Gypsy Moth Caterpillars Eating Their Way Across Ohio

AKRON, Ohio (AP) - Gypsy moth caterpillars defoliated a record 42,513 acres in Ohio in 2001.

The highest toll was in Coshocton County in northeast Ohio, where oak-loving caterpillars hit 11,391 trees. Licking, Tuscarawas and Harrison counties also suffered significant damage, said Bill Pound, gypsy moth program manager for the Ohio Department of Agriculture.

The gypsy moths were spotted in northeast Ohio but now live in 42 of Ohio's 88 counties and are rapidly moving south and west. The species has been seen as far south as Jackson County, almost to the Ohio River.

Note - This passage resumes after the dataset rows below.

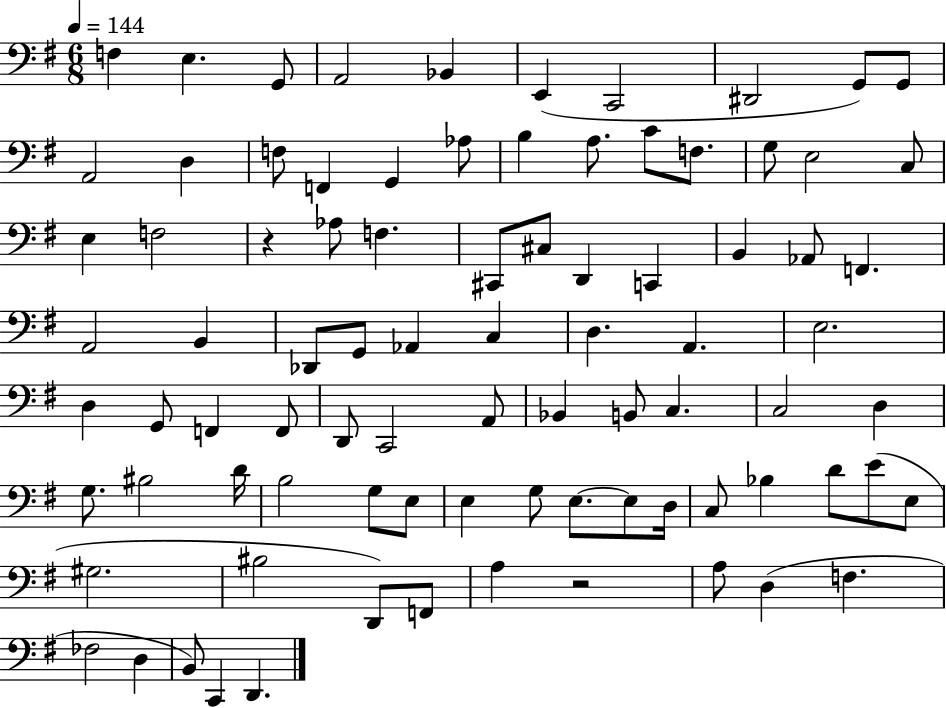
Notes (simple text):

F3/q E3/q. G2/e A2/h Bb2/q E2/q C2/h D#2/h G2/e G2/e A2/h D3/q F3/e F2/q G2/q Ab3/e B3/q A3/e. C4/e F3/e. G3/e E3/h C3/e E3/q F3/h R/q Ab3/e F3/q. C#2/e C#3/e D2/q C2/q B2/q Ab2/e F2/q. A2/h B2/q Db2/e G2/e Ab2/q C3/q D3/q. A2/q. E3/h. D3/q G2/e F2/q F2/e D2/e C2/h A2/e Bb2/q B2/e C3/q. C3/h D3/q G3/e. BIS3/h D4/s B3/h G3/e E3/e E3/q G3/e E3/e. E3/e D3/s C3/e Bb3/q D4/e E4/e E3/e G#3/h. BIS3/h D2/e F2/e A3/q R/h A3/e D3/q F3/q. FES3/h D3/q B2/e C2/q D2/q.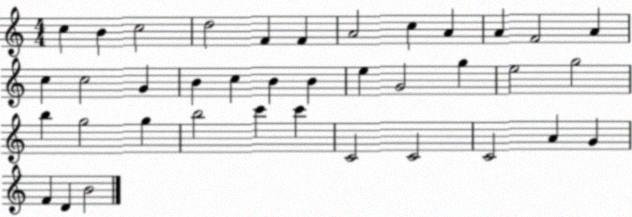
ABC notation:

X:1
T:Untitled
M:4/4
L:1/4
K:C
c B c2 d2 F F A2 c A A F2 A c c2 G B c B B e G2 g e2 g2 b g2 g b2 c' c' C2 C2 C2 A G F D B2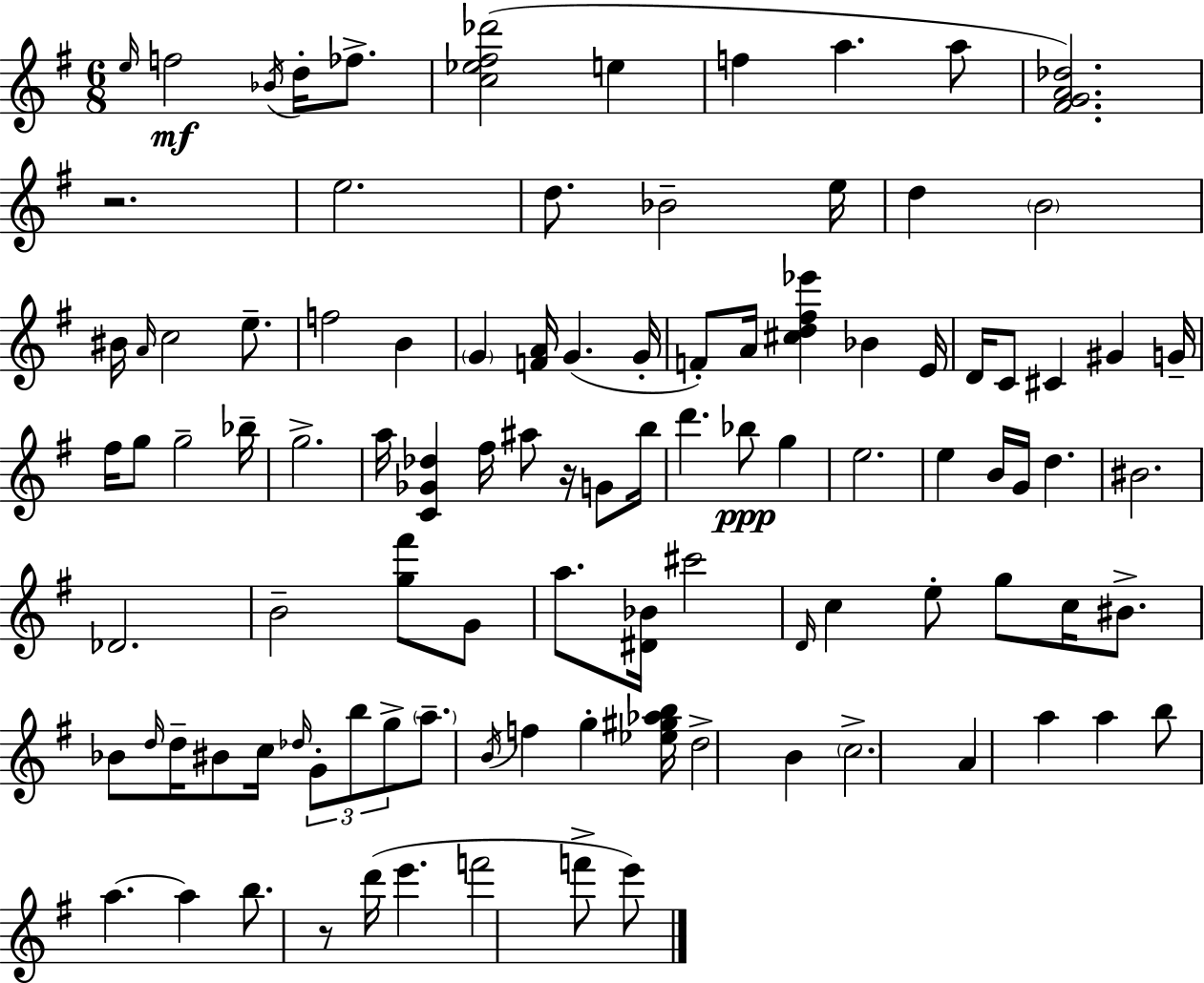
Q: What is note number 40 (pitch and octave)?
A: F#5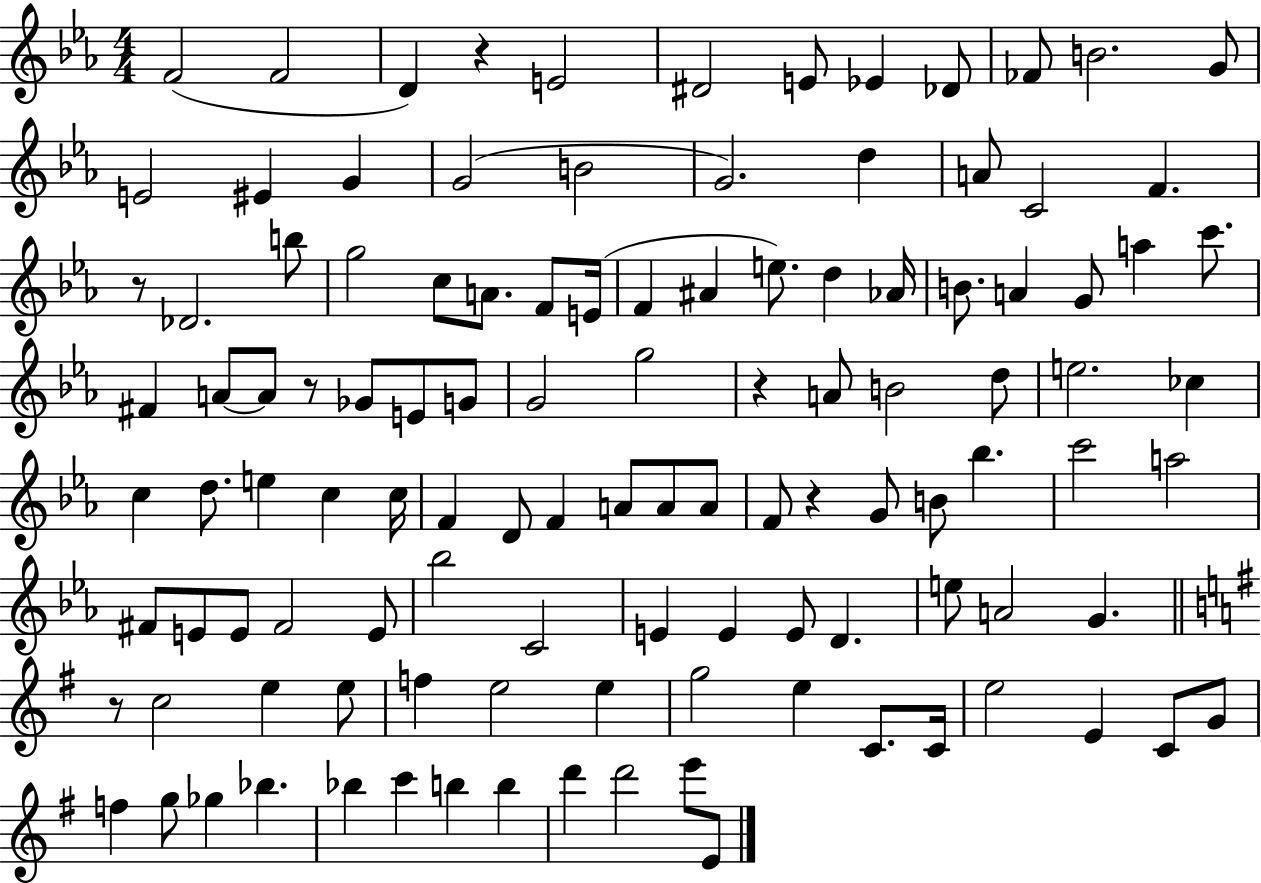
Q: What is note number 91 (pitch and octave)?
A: C4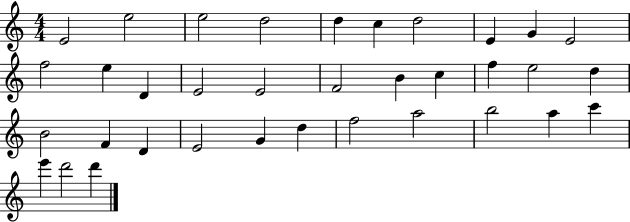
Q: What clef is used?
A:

"We've been dreading this situation for a long time. I'd say within the next five years, we'll see severe and widespread defoliation," said Dan Herms, an entomologist at the Ohio Agricultural Research and Development Center at Wooster.

Gypsy moth caterpillars eat leaves from hardwood trees in May and June before they become moths.

Pound said it's difficult to determine how many acres of dead trees can be attributed to the gypsy moth. Although the caterpillars put trees at risk, disease, drought and other factors also determine whether the trees die.

The state plans to spray pesticide on about 27,000 acres next spring, Pound said. Last spring, Ohio treated 25,984 acres in 18 counties.

Spraying costs about $13 an acre and is paid for by The Ohio Department of Agriculture and the U.S. Forest Service.